Methodology.
Why the verdicts can be trusted as much as their evidence will allow — and where to push back.
One sentence
Generate ten ambitious hypotheses spanning AI ↔ brain, formulate each with a strong form (theory-grade equivalence) and an implicit weak form (the underlying engineering or algorithmic intuition), then dispatch parallel adversarial-validation agents that surface supporting and contradicting evidence, apply two prompt-level persona lens primers (the full persona skills are loaded later in the pipeline, only at the roundtable), articulate a steelman counterargument, and commit to a verdict.
Stage 1 — Hypothesis generation
The ten claims were chosen to span four sub-domains (memory, attention/architecture, metacognition, social cognition) and to be deliberately over-strong — to fail on the strong form so the weak form's structure could be examined cleanly. None were chosen because they were likely to be vindicated; several were chosen because they were likely to be unfalsifiable, and that itself is informative.
Stage 2 — Adversarial research per claim
Ten parallel research agents (one per claim) executed:
- 8–12 web searches across peer-reviewed neuroscience, ML conferences, arXiv, and credible commentary
- Surfacing of 4–6 supporting and 4–6 contradicting sources, plus 1–2 active-debate references
- Application of two analytical lenses via prompt-level persona primers. The roster: Karpathy, Joscha Bach, Hickey, Carmack, Bret Victor, Bryan Cantrill, Ayanokoji, pg, Taleb. Deployment was uneven — see How it was made for honest counts.
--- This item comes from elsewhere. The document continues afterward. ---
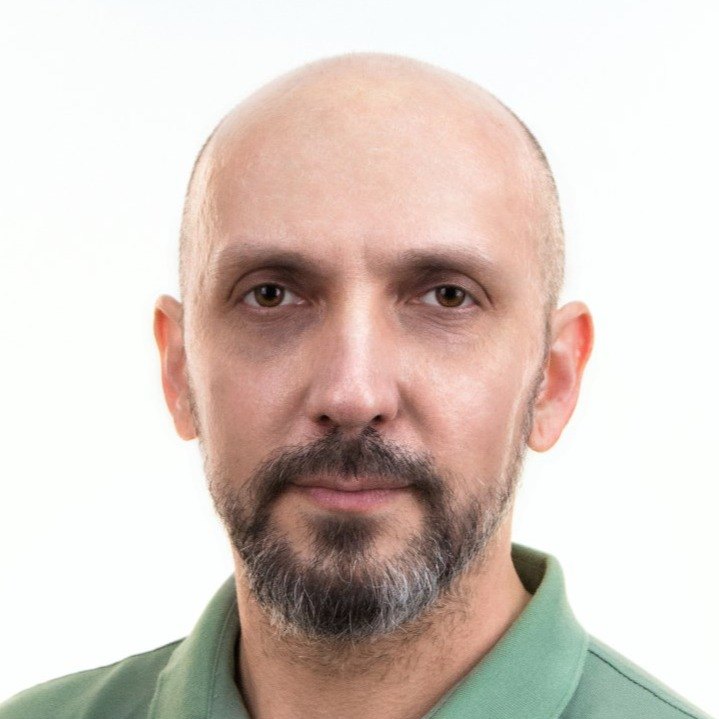 Евгений Романенко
- Explicit steelman counterargument
- Verdict ∈ { VINDICATED, PLAUSIBLE, CONTESTED, REFUTED, UNFALSIFIABLE } with what would change it
- 5–10 papers-to-read with annotations
Stage 3 — Synthesis
After the 10 dossiers returned, a synthesis pass identified five recurring failure modes (Marr-level confusion, load-bearing strong words, confirmation-bias trap, confounded causal channels, partial unfalsifiability) and four cross-cutting threads. The convergent verdict pattern (0/10 vindicated, 0/10 cleanly refuted, all 10 in CONTESTED or SPLIT) emerged directly from the dossier-by-dossier process — it was not designed in.
Stage 4 — Product-surface stress test
The strongest engineering surface (claim 9) was developed into a product candidate and put through the 4-persona roundtable in full mode (Round 1 + Round 2 + neutral synthesis). The roundtable unanimously killed the proposed library architecture and converged on an immutable-log + pure-function-views architecture as the substrate. The current site + observatory primitive ships the architecture that survived all of that scrutiny.
Limits & honest caveats
- Citation verification. The reading list deliberately foregrounds older, well-established references; verification status is shown per item.
- Persona lenses are stylistic, not authoritative. They are an analytical convenience, not endorsements by the named individuals.
- Strong-form / weak-form is a prompted dichotomy. Some claims may have intermediate forms not surfaced.
- The convergent pattern is partly an artifact of construction. Strong forms were deliberately chosen to overshoot.
Reproducibility
The full corpus — claim formulations, persona prompts, roundtable transcripts, and angle-research dossiers — lives in the source repository. Critique a verdict by reading the dossier, the steelman, and the listed papers. Disagreements are PRs.